Hey Bands I Like, Don’t Listen To Me

By Chris Polley | Music | August 11, 2009 |

By Chris Polley | Music | August 11, 2009 |


Time_To_Die-The_Dodos_480.jpgThe Dodos: Time To Die
[Frenchkiss Records]

I’ve always thought it dangerous to leave less than two years in between releasing albums. I read those advance blog posts hyping an artist’s upcoming release not but 12-16 months after their last effort with cautious, squinty eyes, pleading quietly to their digital press photo, “Don’t you know I can wait patiently for another six months? Why don’t you get back in the studio and make sure everything’s exactly the way you want it. Just do this solid for me, okay? You’ll thank me in 2010 when you get the first 10/10 on Pitchfork in forty years.”
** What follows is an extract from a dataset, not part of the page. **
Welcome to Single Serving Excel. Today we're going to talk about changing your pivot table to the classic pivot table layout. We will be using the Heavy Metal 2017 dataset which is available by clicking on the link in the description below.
But then a band like San Francisco’s The Dodos have to go and prove that another half-year or so tinkering with tracks and effects in ProTools would have gone completely against the words of wisdom, “leave well enough alone.” I really don’t know what the duo could have done to make their third album Time to Die, their follow-up to their breakthrough 2008 full-length Visiter, better had they somehow listened to my advice (nevermind the fact that I was talking to a computer and not the actual musicians). Sure, there is one misstep on the otherwise impressively meticulous and gorgeous collection of folk-rock tunes. Then again, there’s part of me that thinks I’ll eventually get over the excessively manic strumming on - err - “The Strums” and learn to appreciate its otherwise quiet beauty, replete with marimba undertones and brass section bridge.
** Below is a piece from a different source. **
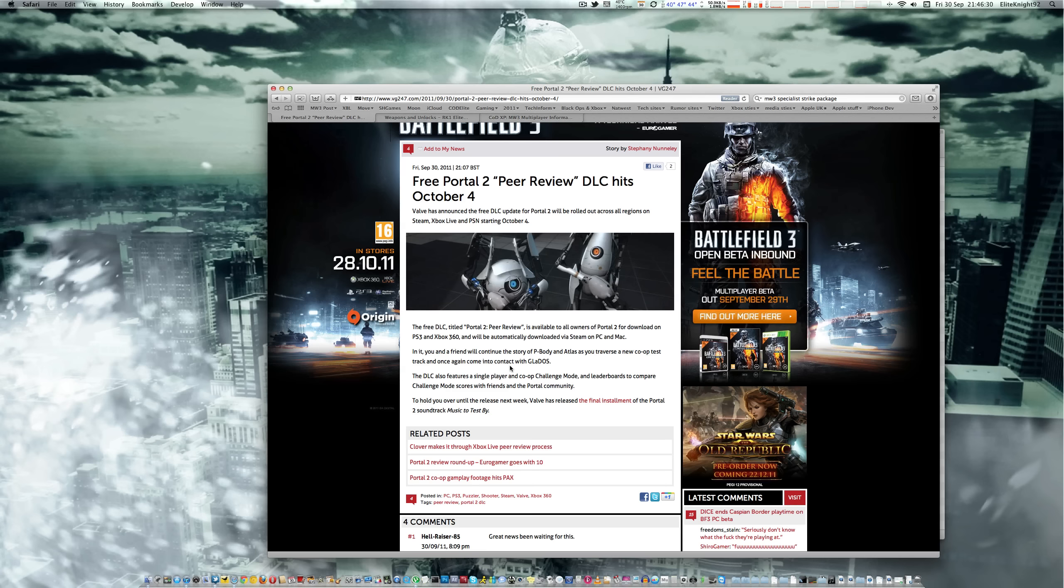So that will be interesting. Again, it's available for Xbox 360, PS3, PC and Mac, and it's out October 4th. It's free, it's called Peer Preview.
And even then, if they had gone in and “fixed” the track in question to my liking, then I wouldn’t have been able to throw songs like “Fables” on the car stereo when I needed to calm myself down and not run over unwitting pedestrians during the lunch hour or “Two Medicines” on my tinny laptop speakers when I needed to hear what the most badass acoustic guitar fingerpicking sounds like in the middle of a boredom-filled weekday afternoon. Because, you see, not only are these two cuts (my favorites off Time To Die) the ones that will go on 2009 mix CDs, but as I make my way through even the morose forest-glitch of “Troll Nacht” or the slight percussive cacophony of “This Is A Business”, it has become clear that Time To Die is a must have for any serious guitar player or drummer not next year, and not even this December, but right now. So thank you, The Dodos. Thank you for not listening to my call for reconsideration re: your release date for this, your unbeatable new album.
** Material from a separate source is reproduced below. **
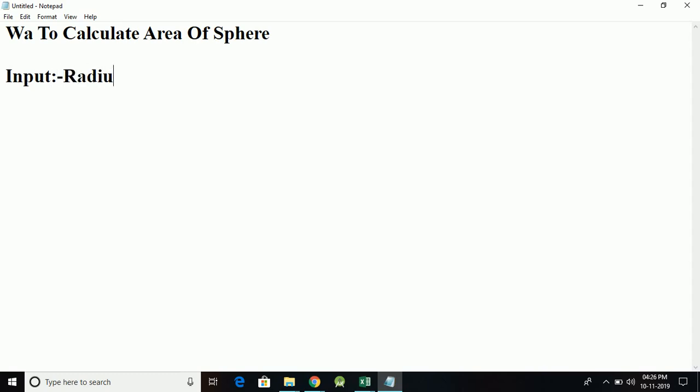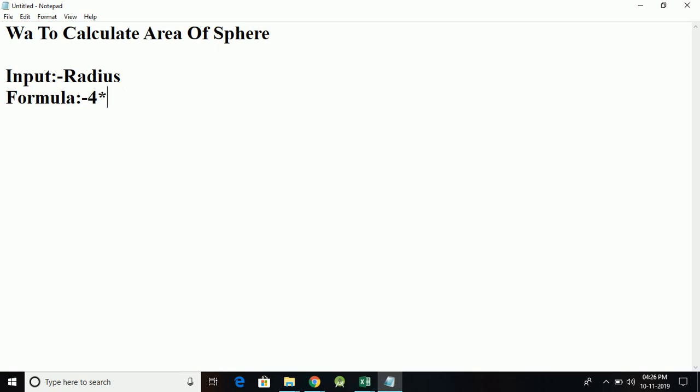the radius. The formula will be 4 * 3.14 * radius * radius, and the output is going to be the area.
Those who like the relaxing and rustling melodies of this album should also certainly check out what made The Dodos a big deal in the first place: last year’s Visiter, but I have to be honest. While it impresses in all the same places that the new one does (these two guys have some of the most unique ways of combining pop pleasures with syncopated and flurried rhythms), I can imagine it must be hard to listen to the two albums in opposite order. Meric Long’s soft but confident voice sounds like it’s been through a crash course in projection since 2008 and the overall smoothness of the band’s instrumentation is so satisfying on Time To Die that going back to the raw and at-times-underwhelming mix of sounds on Visiter could be jarring. In fact, the band’s live set can verify that. In person, the duo (and touring member on the trash can, no joke - it’s wicked) sculpts a sonic boom so powerful that it’s amazing that the often hipper and more dirty lo-fi recording technique is what they chose for Visiter in the first place. Luckily, they must have realized this with the intensely positive feedback during their nationwide tour last year that it violently slingshot them back into the studio almost immediately to show how gigantic and brain-busting they could sound on record. And poof! Less than a year later we are graced with the result: one of my personal picks for the best of 2009, Time To Die by The Dodos.